[ACTION ITEM]: As the answer, give exactly the lines of the records below from the one with "2025 nuevo diseñador" through the one with "TL-SF1016D 16 Port", ends included and pictures left out.

[PROVIDED DATA]:
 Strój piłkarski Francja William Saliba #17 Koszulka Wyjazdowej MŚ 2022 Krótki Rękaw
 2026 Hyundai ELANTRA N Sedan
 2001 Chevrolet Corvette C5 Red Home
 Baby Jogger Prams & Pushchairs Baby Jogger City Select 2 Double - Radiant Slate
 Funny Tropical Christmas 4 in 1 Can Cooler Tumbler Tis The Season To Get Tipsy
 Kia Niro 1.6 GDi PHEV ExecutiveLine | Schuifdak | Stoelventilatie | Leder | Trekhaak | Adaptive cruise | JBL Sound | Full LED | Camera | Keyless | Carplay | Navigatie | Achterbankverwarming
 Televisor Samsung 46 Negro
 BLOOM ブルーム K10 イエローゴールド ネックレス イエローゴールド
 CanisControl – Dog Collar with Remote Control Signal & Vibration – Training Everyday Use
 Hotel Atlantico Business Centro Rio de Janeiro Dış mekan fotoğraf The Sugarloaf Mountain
...
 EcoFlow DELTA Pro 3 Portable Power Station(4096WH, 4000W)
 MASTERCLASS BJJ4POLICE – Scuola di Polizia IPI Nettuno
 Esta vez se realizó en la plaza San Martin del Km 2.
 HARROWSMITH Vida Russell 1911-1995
--
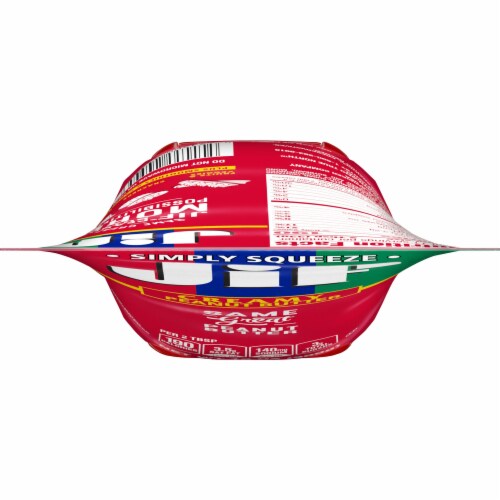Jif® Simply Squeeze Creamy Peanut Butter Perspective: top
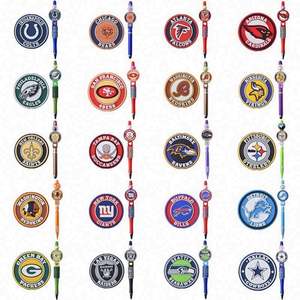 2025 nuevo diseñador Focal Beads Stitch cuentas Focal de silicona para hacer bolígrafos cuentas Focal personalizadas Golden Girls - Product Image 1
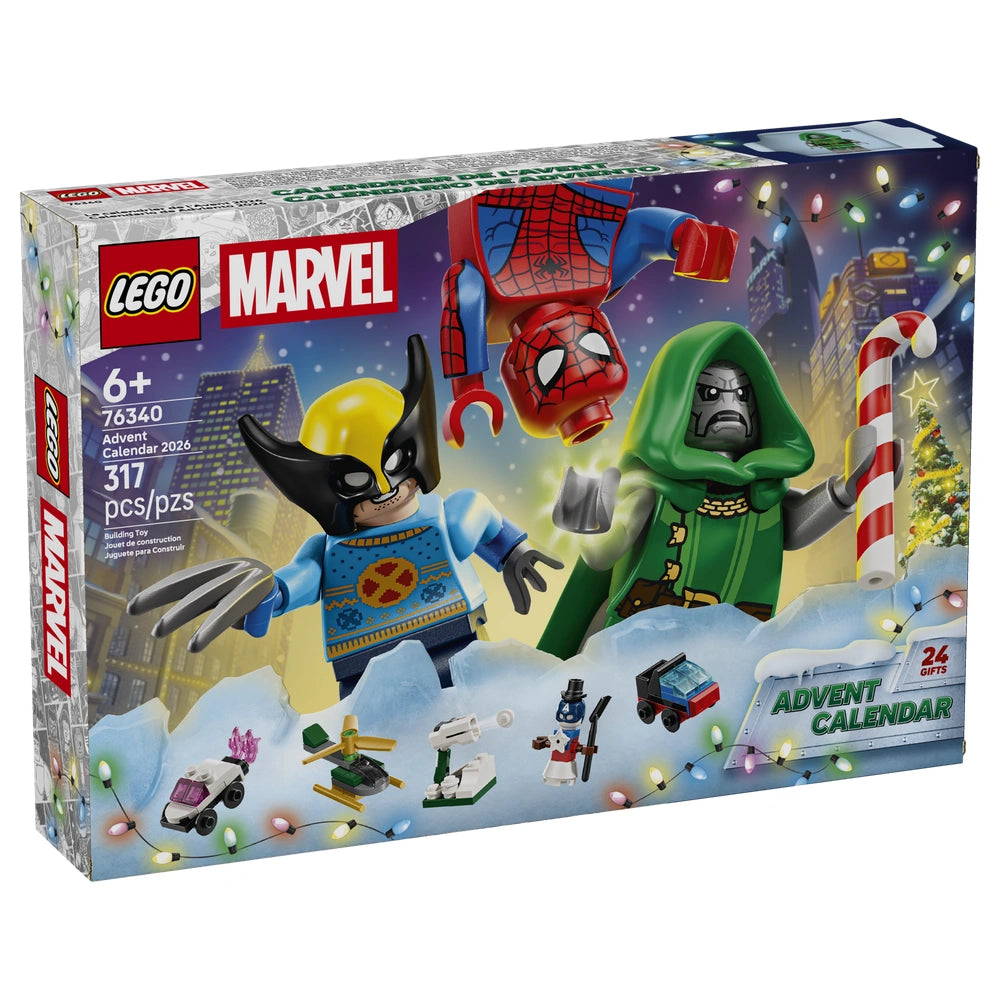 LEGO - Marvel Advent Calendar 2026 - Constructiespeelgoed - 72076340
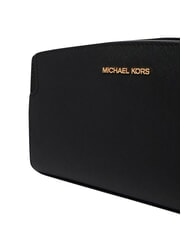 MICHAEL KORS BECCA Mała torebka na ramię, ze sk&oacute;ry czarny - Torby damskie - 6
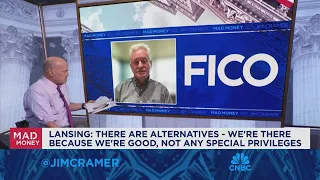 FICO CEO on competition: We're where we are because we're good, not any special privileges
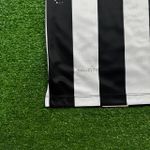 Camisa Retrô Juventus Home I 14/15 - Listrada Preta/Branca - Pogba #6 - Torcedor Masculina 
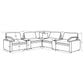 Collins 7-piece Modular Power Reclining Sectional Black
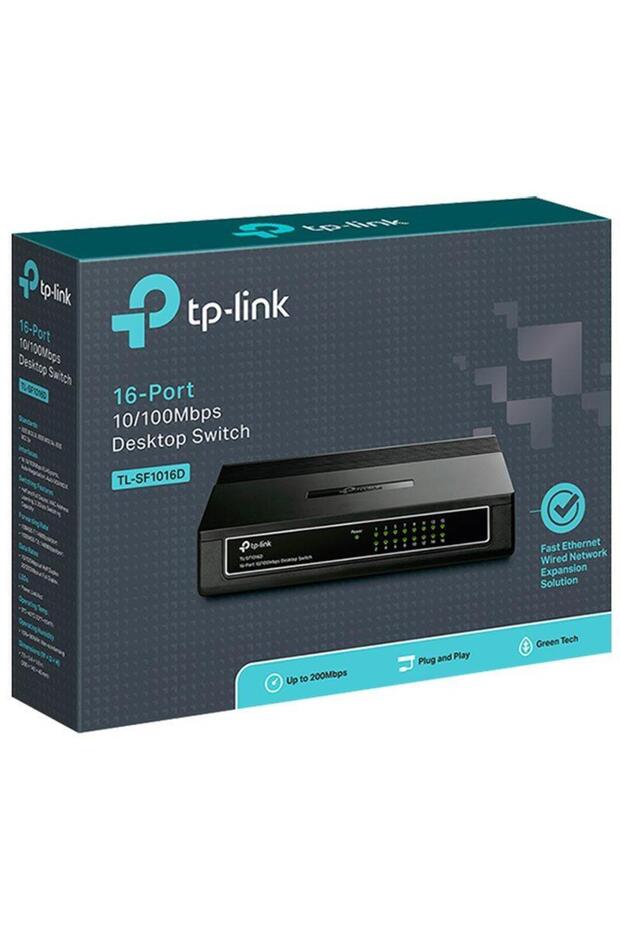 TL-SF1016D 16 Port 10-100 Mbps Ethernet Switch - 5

[RESPONSE TO THIS EXERCISE]:
 2025 nuevo diseñador Focal Beads Stitch cuentas Focal de silicona para hacer bolígrafos cuentas Focal personalizadas Golden Girls - Product Image 1
 LEGO - Marvel Advent Calendar 2026 - Constructiespeelgoed - 72076340
 MICHAEL KORS BECCA Mała torebka na ramię, ze sk&oacute;ry czarny - Torby damskie - 6
 FICO CEO on competition: We're where we are because we're good, not any special privileges
 Camisa Retrô Juventus Home I 14/15 - Listrada Preta/Branca - Pogba #6 - Torcedor Masculina 
 Collins 7-piece Modular Power Reclining Sectional Black
 TL-SF1016D 16 Port 10-100 Mbps Ethernet Switch - 5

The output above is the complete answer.